Two industry sources independently told EE Times that eSilicon worked on Nervana’s AI ASIC and delivered it to Intel after the startup was sold. eSilicon, however, declined to comment on its customer.
Nervana’s first-generation AI ASIC, called Lake Crest, was one of the most-watched custom designs for AI accelerators.
Leveraging its own cumulative work with the customer on the design of AI/2.5D systems, Santa Clara, California-based eSilicon rolled out this week a machine-learning AI platform called “neuASIC.” The platform includes “a library of AI-targeted functions that can be quickly combined and configured to create custom AI algorithm accelerators,” explained eSilicon.

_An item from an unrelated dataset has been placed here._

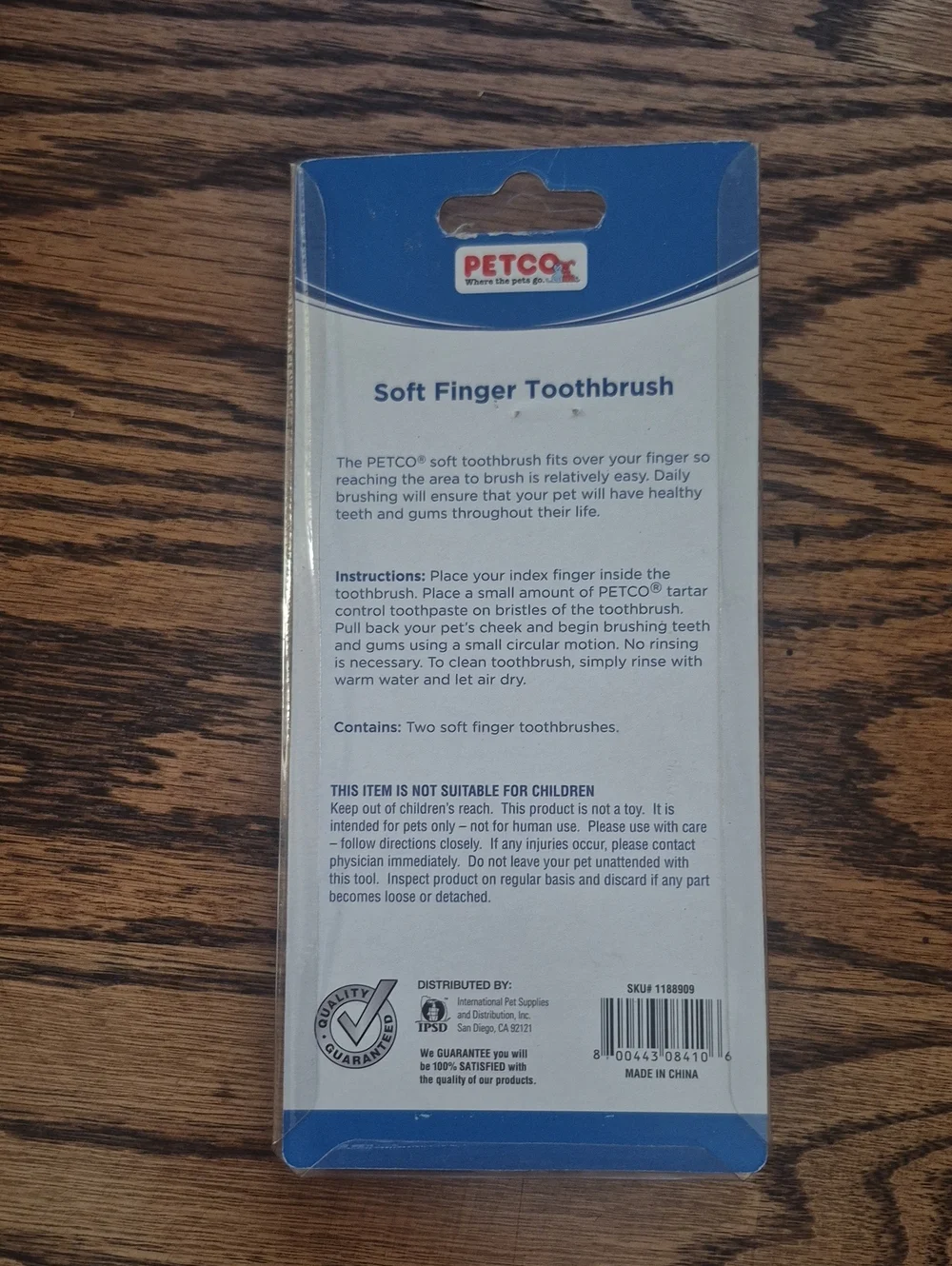 Soft Finger Toothbrush for Dogs - Blue (2 Pack)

A novice AI chip designer could be advised to lean on someone like eSilicon just as Nervana did. After all, the ASIC expert could give some comfort and solid technology foothold in AI ASICs backed by its own real-world experience.
With many companies planning AI chips optimized for certain AI workloads, their biggest roadblock is the constant state of change in AI algorithms. As Patrick Soheili, vice president of business and corporate development at eSilicon, noted, everyone knows that ASICs provide the best power and performance for AI acceleration. But an incautious designer could end up with a static ASIC that’s obsolete on arrival.
That’s where eSilicon hopes to come in.
By using such tools as a Design Profiler and AI Engine Explorer, a variety of IP — some developed by eSilicon and others from third parties — available on the neuASIC platform can be configured as “AI tiles,” explained the company. By turning a knob on eSilicon’s tools, customers can do early power, performance, and area analysis of various candidate architectures, noted Soheili.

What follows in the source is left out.